An acceptable answer repeats exactly the line containing "this 774×435 image." and all lines that follow it in the listing below, and it includes no pictures.

_ _ _ _ _ _ _

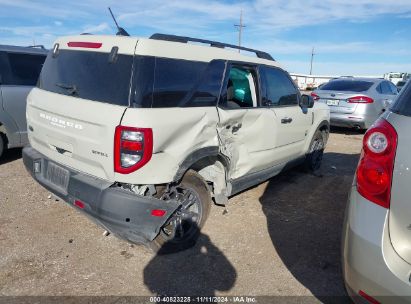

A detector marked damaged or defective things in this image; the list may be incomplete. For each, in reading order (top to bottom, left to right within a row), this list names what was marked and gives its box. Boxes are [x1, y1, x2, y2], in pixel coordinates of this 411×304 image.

broken bumper [22, 147, 180, 245]
damaged ford bronco sport [23, 33, 332, 252]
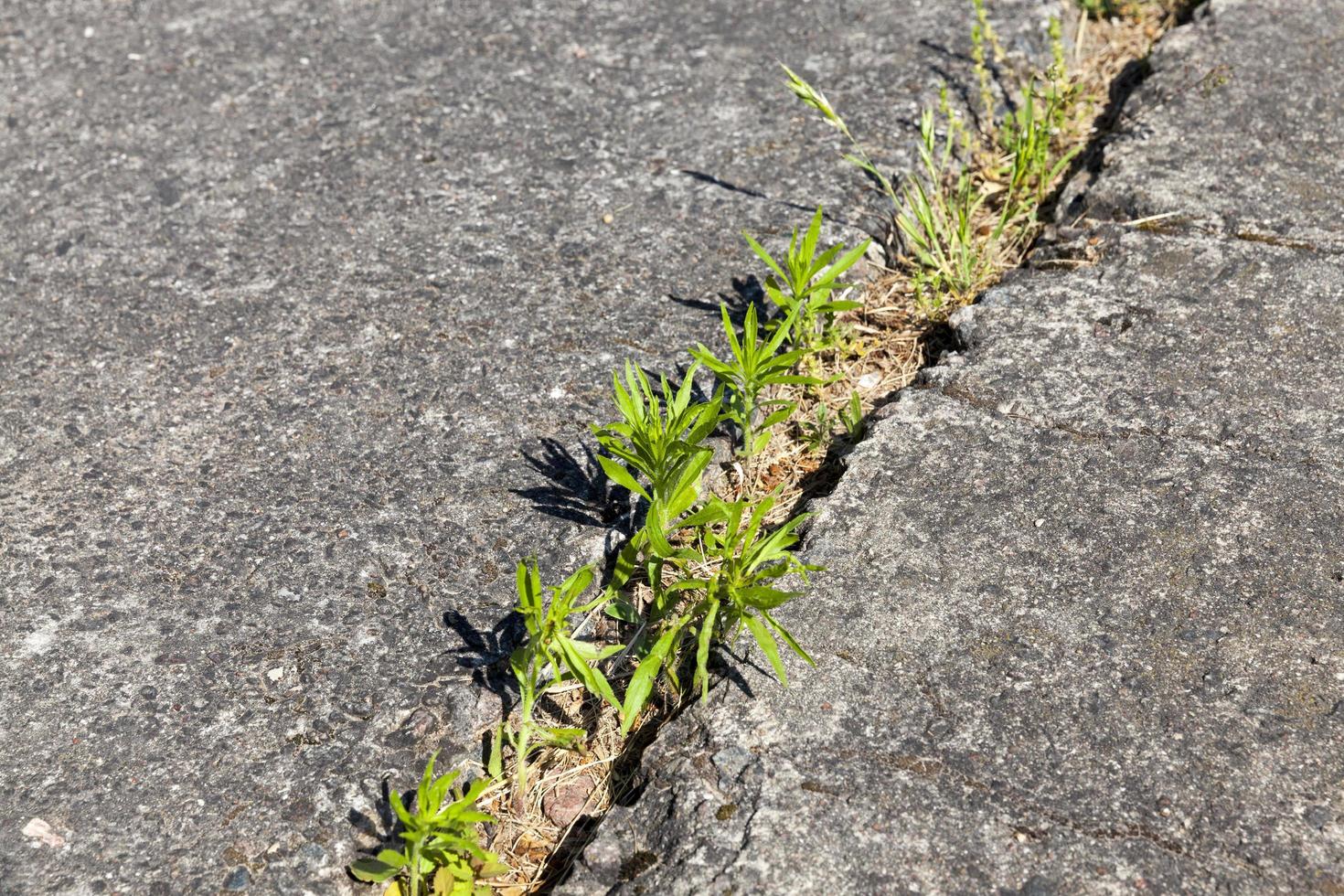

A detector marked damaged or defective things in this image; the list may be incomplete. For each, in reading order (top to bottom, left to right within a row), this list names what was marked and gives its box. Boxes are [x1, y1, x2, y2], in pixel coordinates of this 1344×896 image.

cracked concrete [561, 3, 1344, 891]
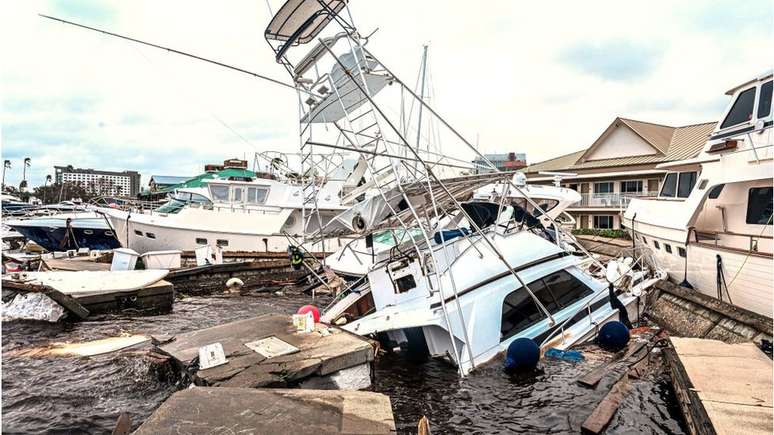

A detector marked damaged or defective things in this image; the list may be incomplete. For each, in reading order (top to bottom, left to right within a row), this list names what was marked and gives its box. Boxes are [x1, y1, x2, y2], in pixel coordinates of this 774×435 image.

broken dock [153, 314, 378, 388]
broken dock [136, 386, 398, 434]
broken dock [664, 338, 772, 435]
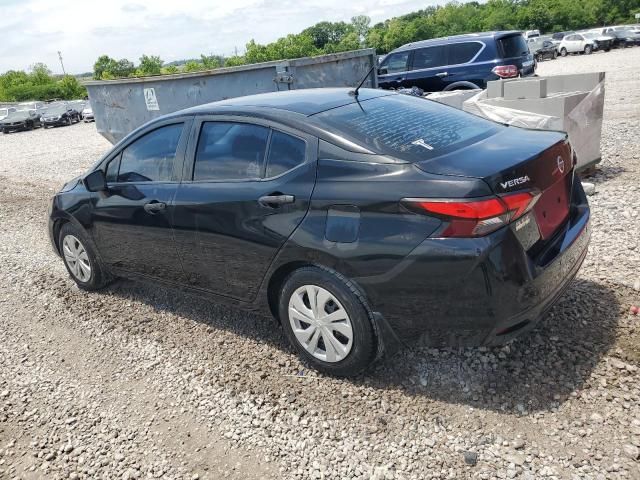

_ _ _ _ _ _ _

_OUTPUT FOR THIS EXERCISE:_
A detector marked damaged or defective things in this image; the list may be incomplete. For each, in reading order (top to bottom, left to right within a row), this list names what was marked and gives its box. Boxes are [x1, y1, x2, y2], in pixel coordinates of this 774×435 image.

broken dock [153, 314, 378, 388]
broken dock [136, 386, 398, 434]
broken dock [664, 338, 772, 435]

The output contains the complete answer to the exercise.